Compared to the subcutaneous group, patients in the intravenous group were more likely to experience an insertion failure (RR 14.79, 95% CI 2.87 to 76.08; n = 238; GRADE rating: moderate) and dislodgement of the device (RR 3.78, 95% CI 1.16 to 12.34; n = 67; GRADE rating: low). Clinicians also judged the intravenous route as being more difficult to insert and patients were more likely to be agitated in the intravenous group.
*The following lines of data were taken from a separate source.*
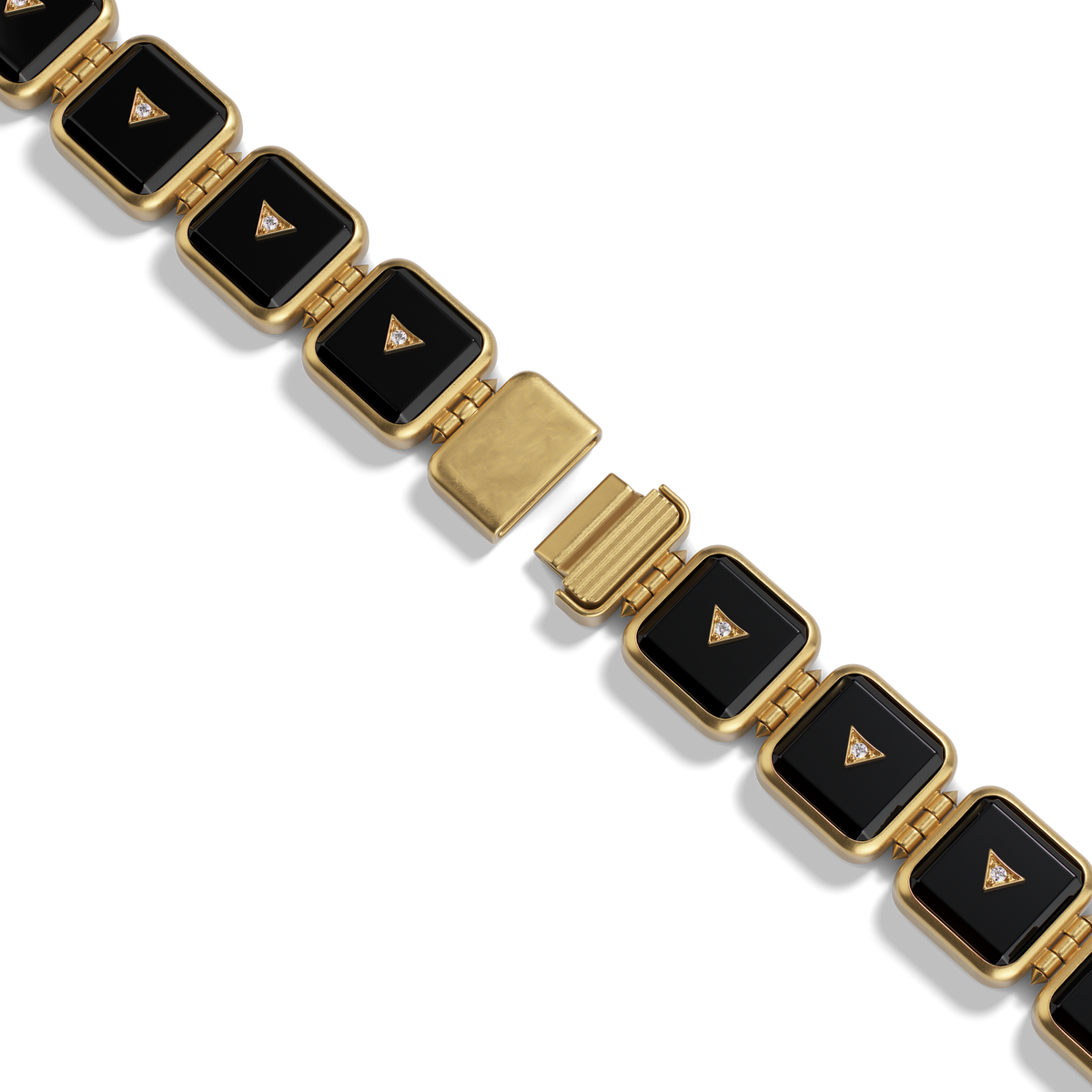 House of Harlow Petite Nova Stacker Bracelet in 14k gold with black onyx, clasp detail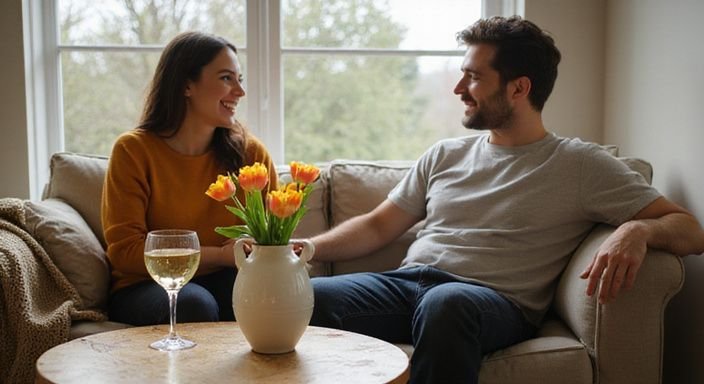 Een gezellig woonkamer met een koppel dat intieme gesprekken over oudere vrouwen sexcontact Rotterdam deelt.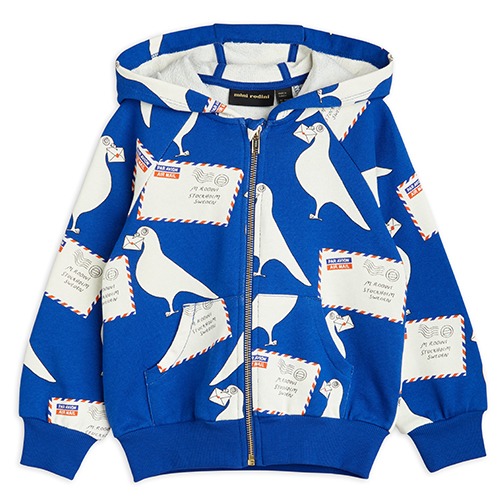 [minirodini] Pigeons aop zip hoodie - Blue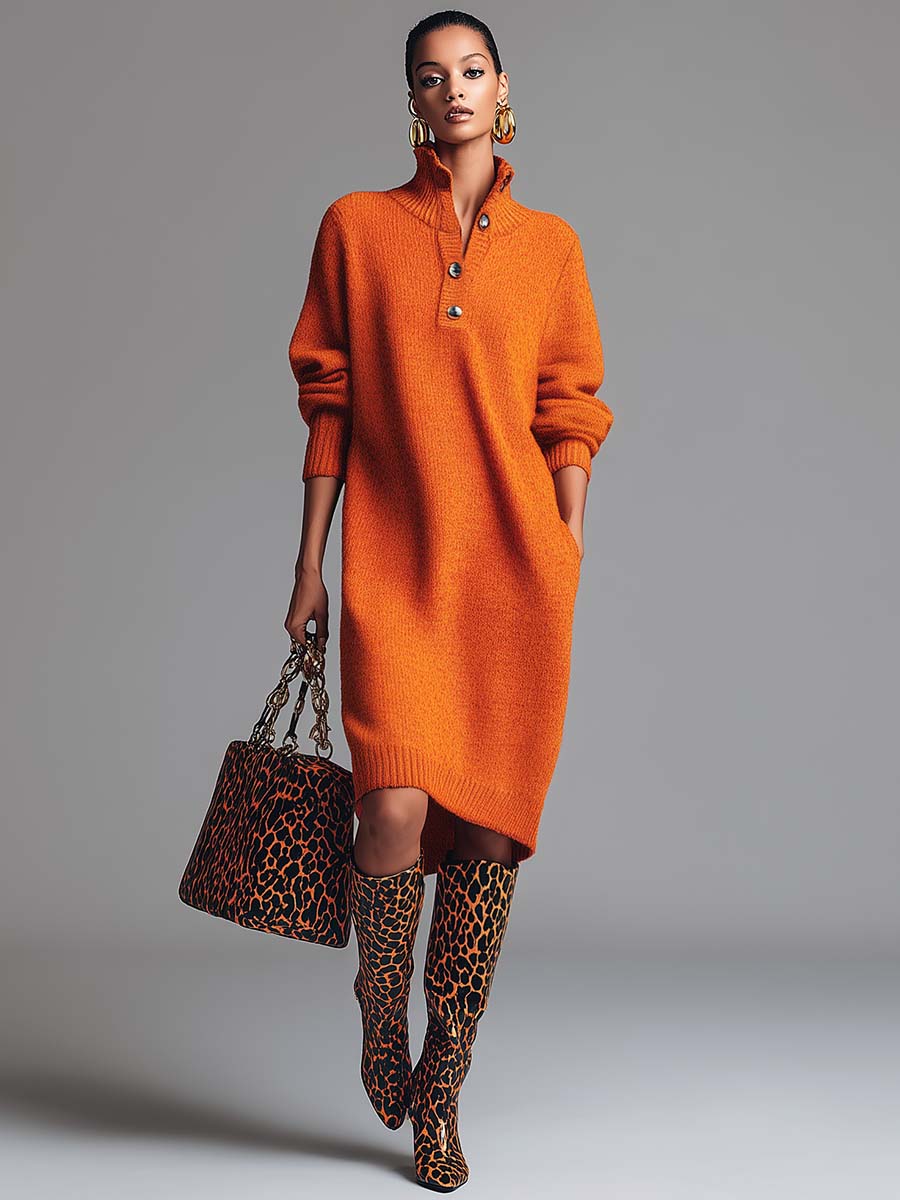Robe Pull à Col Boutonné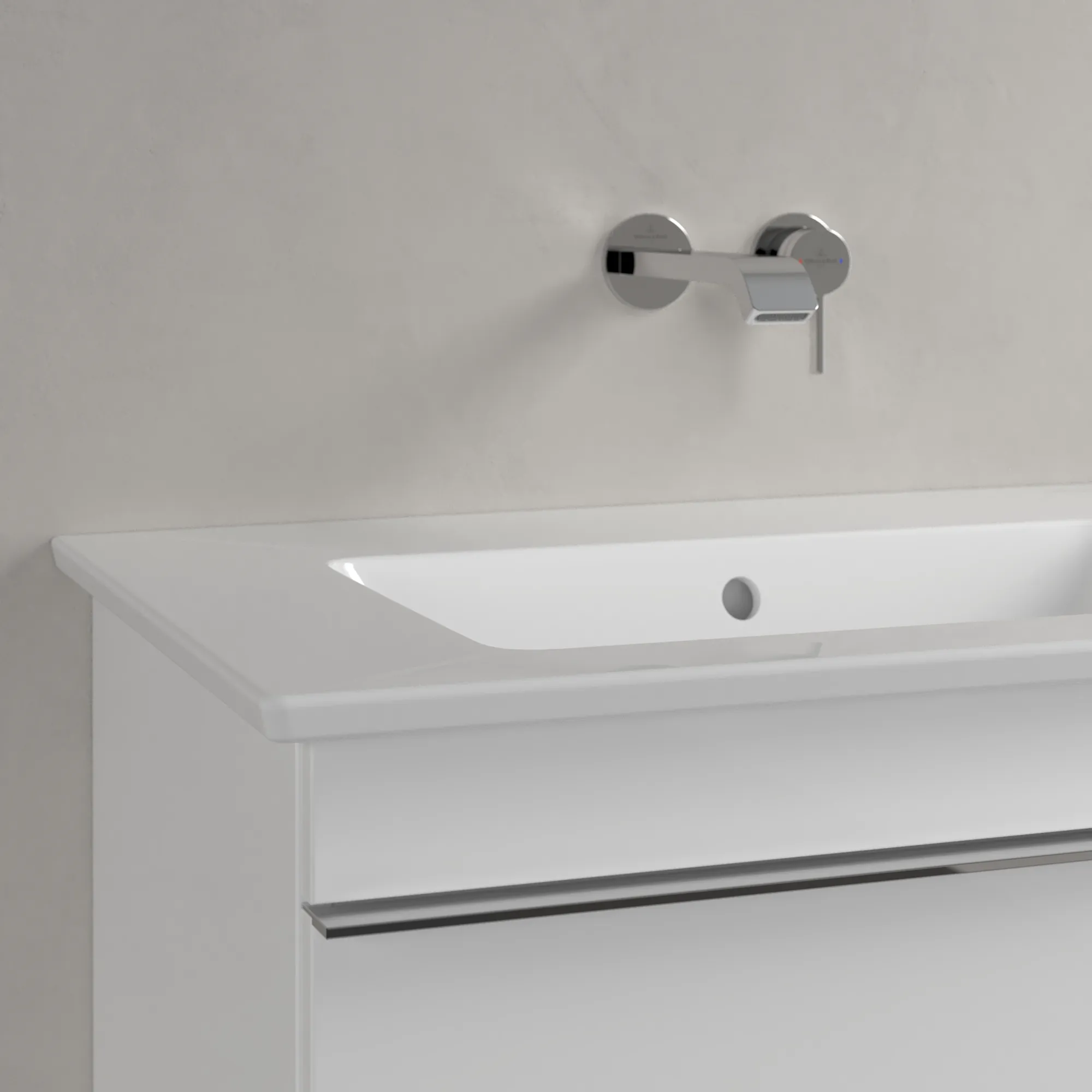 Villeroy & Boch Doppelwaschtisch „Venticello“ 1300 × 500 × 170 mm, für Becken mittig, ohne Hahnlochbohrung in Weiß Alpin Villeroy & Boch Doppelwaschtisch „Venticello“ 1300 × 500 × 170 mm, für Becken mittig, ohne Hahnlochbohrung in Weiß Alpin
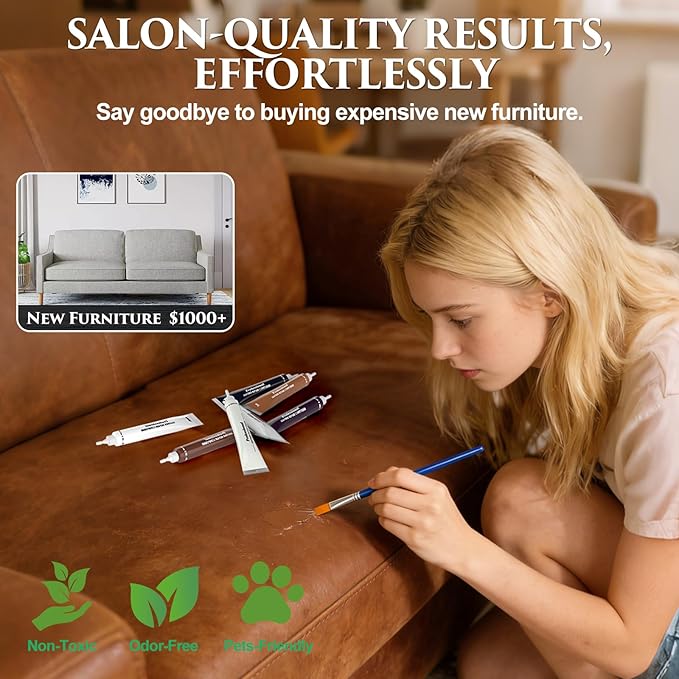 Leather Repair Kit for Furniture, Car Seats, Sofa, Jacket, and Purse, Vinyl Repair Kit with Super Easy Instructions to Match Any Color, Restore Any Glossy Leather Surface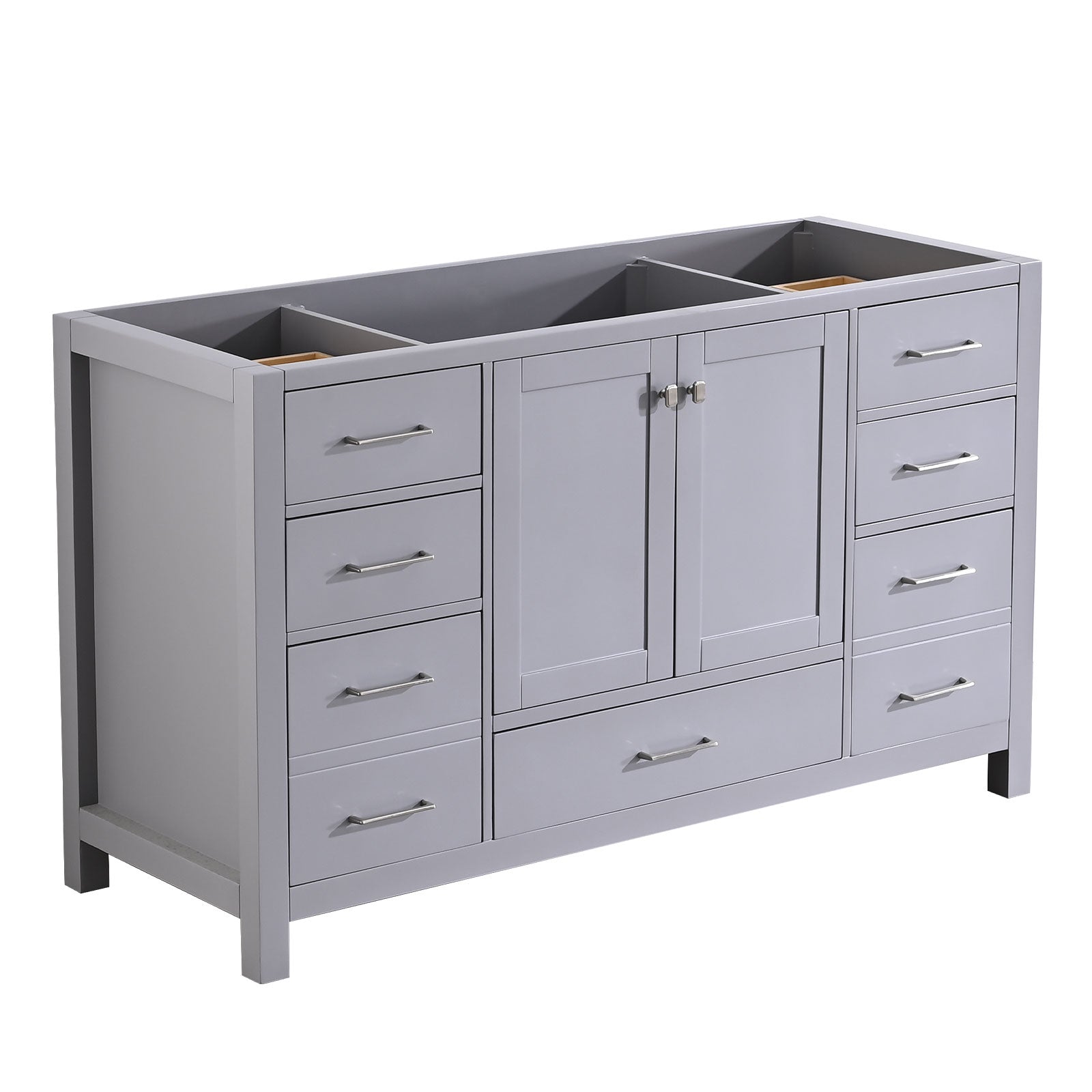 Bathroom Vanity Base Cabinet Only, Single Bath Vanity In Gray, Bathroom Storage With Soft Close Doors And Drawers Gray Plywood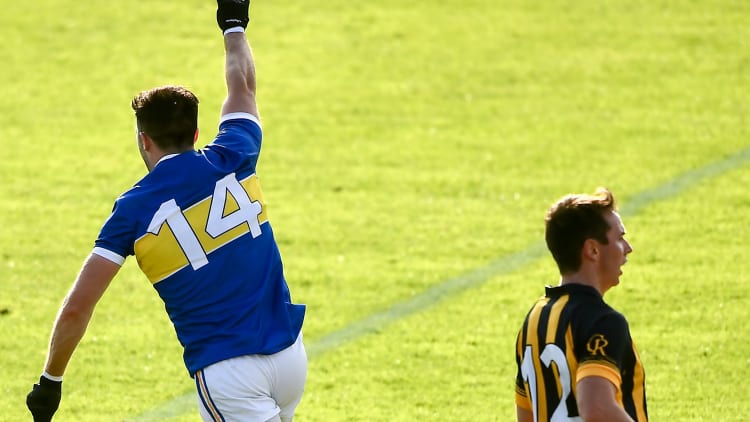 Aidan Forker of Maghery Seán MacDiarmada celebrates after scoring his side's third goal during the Armagh County Senior Football Championship Final match between Crossmaglen Rangers and Maghery Seán MacDiarmada at the Athletic Grounds in Armagh.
Patients in the intravenous group were more likely to develop a local infection and phlebitis, but were less likely to develop erythema, oedema or swelling than those in the subcutaneous group. A larger volume of fluids was infused into patients via the intravenous route. There was no evidence of a difference between the two routes for any other outcome.
There were insufficient data to reliably determine if the risk of insertion failure differed between the saphenous vein cutdown (SVC) and intraosseous method (RR 4.00, 95% CI 0.51 to 31.13; GRADE rating: low). Insertion using SVC took longer than the intraosseous method (MD 219.60 seconds, 95% CI 135.44 to 303.76; GRADE rating: moderate). There were no data and therefore there was no evidence of a difference between the two routes for any other outcome.
There were insufficient data to reliably determine the relative effects of intraperitoneal or central intravenous access relative to any other parenteral access method.